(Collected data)
◆ ◆ ◆ ◆ ◆

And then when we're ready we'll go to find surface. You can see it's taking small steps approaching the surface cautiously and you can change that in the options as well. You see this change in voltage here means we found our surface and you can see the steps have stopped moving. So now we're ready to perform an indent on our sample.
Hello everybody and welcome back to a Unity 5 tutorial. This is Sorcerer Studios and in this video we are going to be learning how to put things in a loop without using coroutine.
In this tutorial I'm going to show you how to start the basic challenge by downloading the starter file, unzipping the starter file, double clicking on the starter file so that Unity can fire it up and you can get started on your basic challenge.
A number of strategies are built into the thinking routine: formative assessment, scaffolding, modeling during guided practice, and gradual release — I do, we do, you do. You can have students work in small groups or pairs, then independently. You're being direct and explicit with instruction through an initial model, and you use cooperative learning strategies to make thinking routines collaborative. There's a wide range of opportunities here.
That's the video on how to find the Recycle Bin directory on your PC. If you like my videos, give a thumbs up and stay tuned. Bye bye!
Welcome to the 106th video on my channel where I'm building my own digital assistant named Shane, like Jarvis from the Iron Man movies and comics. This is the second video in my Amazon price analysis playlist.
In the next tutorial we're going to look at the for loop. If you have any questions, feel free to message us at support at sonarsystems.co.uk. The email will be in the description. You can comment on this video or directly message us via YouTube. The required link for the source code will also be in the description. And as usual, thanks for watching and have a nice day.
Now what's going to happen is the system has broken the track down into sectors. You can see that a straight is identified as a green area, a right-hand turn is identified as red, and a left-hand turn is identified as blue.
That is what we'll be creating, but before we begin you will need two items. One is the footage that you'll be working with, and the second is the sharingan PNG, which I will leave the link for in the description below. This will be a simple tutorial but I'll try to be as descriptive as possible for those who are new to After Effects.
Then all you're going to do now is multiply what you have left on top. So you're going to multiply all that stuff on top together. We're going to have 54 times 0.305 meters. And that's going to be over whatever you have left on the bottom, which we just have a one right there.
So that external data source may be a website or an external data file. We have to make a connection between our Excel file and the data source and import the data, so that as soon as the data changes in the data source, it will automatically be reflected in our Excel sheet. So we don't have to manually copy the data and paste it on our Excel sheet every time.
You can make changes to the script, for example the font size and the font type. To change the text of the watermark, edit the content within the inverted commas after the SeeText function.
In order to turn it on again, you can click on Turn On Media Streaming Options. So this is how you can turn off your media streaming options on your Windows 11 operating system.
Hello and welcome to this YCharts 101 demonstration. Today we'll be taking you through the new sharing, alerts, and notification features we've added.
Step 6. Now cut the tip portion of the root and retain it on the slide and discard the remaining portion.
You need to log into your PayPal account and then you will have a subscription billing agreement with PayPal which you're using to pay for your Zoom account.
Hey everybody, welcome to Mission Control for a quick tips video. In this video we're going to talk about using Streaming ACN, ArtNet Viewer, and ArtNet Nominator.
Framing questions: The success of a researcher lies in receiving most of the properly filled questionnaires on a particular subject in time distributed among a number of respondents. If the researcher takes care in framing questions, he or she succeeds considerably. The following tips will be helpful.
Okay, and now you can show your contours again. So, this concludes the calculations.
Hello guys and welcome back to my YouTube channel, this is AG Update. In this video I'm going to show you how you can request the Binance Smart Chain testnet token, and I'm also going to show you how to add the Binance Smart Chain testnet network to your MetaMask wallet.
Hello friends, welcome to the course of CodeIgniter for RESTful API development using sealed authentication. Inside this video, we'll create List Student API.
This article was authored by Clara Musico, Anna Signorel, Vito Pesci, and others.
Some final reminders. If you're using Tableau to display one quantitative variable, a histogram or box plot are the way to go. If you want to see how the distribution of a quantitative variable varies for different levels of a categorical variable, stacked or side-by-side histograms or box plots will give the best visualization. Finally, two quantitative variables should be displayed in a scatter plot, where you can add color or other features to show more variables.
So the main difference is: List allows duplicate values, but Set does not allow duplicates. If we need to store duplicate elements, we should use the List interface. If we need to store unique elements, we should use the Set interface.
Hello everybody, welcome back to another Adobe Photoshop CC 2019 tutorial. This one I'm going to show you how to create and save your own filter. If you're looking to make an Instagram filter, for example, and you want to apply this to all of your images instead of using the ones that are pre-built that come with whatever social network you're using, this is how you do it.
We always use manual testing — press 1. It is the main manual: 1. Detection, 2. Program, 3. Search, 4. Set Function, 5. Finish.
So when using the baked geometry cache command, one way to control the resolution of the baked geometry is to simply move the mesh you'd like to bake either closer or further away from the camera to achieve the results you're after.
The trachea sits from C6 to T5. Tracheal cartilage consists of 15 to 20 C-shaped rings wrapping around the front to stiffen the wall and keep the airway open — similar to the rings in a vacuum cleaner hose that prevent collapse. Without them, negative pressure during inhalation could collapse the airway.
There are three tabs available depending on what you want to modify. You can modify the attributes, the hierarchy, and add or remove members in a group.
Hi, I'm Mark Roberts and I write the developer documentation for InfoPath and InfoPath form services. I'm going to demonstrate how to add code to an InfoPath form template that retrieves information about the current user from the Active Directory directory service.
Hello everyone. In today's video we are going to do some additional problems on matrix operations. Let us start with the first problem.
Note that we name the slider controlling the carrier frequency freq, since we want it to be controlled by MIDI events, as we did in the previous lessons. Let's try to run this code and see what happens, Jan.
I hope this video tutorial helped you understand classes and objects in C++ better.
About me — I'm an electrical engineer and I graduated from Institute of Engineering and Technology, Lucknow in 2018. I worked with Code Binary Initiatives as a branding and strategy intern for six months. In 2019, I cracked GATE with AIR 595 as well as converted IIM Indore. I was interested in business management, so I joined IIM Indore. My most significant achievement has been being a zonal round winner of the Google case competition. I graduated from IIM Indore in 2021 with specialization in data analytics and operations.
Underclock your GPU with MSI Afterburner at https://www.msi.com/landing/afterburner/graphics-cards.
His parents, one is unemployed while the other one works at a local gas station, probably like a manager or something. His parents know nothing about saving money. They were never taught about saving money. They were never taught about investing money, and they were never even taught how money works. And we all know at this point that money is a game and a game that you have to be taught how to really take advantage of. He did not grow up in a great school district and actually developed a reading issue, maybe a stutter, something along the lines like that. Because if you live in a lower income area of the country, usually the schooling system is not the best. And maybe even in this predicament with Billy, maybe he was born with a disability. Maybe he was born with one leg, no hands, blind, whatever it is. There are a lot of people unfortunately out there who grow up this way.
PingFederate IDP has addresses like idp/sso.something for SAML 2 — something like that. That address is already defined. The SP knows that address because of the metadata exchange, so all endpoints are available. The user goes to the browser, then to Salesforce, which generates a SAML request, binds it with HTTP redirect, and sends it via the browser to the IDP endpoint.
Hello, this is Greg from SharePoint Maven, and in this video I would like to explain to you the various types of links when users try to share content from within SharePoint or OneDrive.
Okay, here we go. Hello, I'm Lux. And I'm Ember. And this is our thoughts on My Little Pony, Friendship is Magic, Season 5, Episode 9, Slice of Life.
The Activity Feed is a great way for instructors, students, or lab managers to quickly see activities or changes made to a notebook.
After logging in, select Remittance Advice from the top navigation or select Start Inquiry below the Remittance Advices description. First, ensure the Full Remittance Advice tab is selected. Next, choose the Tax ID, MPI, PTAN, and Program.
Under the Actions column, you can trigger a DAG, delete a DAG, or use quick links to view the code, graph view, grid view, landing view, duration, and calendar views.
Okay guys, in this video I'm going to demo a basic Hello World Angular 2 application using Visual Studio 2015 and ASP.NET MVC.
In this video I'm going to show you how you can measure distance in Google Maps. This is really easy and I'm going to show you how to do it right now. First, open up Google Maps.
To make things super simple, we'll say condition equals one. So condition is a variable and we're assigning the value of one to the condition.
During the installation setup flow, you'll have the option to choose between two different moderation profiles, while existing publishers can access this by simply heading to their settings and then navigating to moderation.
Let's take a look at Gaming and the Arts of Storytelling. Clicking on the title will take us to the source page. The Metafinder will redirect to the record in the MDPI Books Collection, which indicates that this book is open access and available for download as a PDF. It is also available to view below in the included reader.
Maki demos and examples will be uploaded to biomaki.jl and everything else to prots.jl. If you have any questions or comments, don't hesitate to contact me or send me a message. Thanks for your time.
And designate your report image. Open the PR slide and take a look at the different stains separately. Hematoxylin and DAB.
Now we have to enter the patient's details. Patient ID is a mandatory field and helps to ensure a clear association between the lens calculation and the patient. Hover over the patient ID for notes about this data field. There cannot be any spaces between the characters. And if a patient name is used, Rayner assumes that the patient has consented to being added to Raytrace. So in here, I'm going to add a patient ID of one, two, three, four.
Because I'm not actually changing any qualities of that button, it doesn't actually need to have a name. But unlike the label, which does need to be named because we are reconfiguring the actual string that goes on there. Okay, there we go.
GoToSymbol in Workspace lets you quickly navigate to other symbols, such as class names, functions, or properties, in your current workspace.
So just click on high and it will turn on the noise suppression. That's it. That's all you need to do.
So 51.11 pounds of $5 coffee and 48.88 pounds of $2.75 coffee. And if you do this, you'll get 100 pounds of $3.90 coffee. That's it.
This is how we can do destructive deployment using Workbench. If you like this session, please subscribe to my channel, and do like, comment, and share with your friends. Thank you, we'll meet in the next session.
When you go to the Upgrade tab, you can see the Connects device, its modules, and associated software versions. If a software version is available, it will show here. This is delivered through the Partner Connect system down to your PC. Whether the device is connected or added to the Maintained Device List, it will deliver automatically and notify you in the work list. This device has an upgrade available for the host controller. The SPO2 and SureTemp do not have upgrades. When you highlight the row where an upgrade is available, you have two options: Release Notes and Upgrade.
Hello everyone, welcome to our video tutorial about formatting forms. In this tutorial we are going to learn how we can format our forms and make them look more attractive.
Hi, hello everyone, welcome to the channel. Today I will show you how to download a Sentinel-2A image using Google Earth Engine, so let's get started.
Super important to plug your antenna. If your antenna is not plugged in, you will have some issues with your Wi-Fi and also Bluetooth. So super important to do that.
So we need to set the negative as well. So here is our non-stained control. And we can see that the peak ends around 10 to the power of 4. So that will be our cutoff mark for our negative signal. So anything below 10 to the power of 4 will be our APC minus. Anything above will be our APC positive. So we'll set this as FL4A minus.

◆ ◆ ◆ ◆ ◆

EXERCISE DESCRIPTION =
Could you restate word for word the lines above from the one containing "We always use" through the one containing "The trachea sits", both included, and nothing else?

ANSWER FOR THE TASK =
We always use manual testing — press 1. It is the main manual: 1. Detection, 2. Program, 3. Search, 4. Set Function, 5. Finish.
So when using the baked geometry cache command, one way to control the resolution of the baked geometry is to simply move the mesh you'd like to bake either closer or further away from the camera to achieve the results you're after.
The trachea sits from C6 to T5. Tracheal cartilage consists of 15 to 20 C-shaped rings wrapping around the front to stiffen the wall and keep the airway open — similar to the rings in a vacuum cleaner hose that prevent collapse. Without them, negative pressure during inhalation could collapse the airway.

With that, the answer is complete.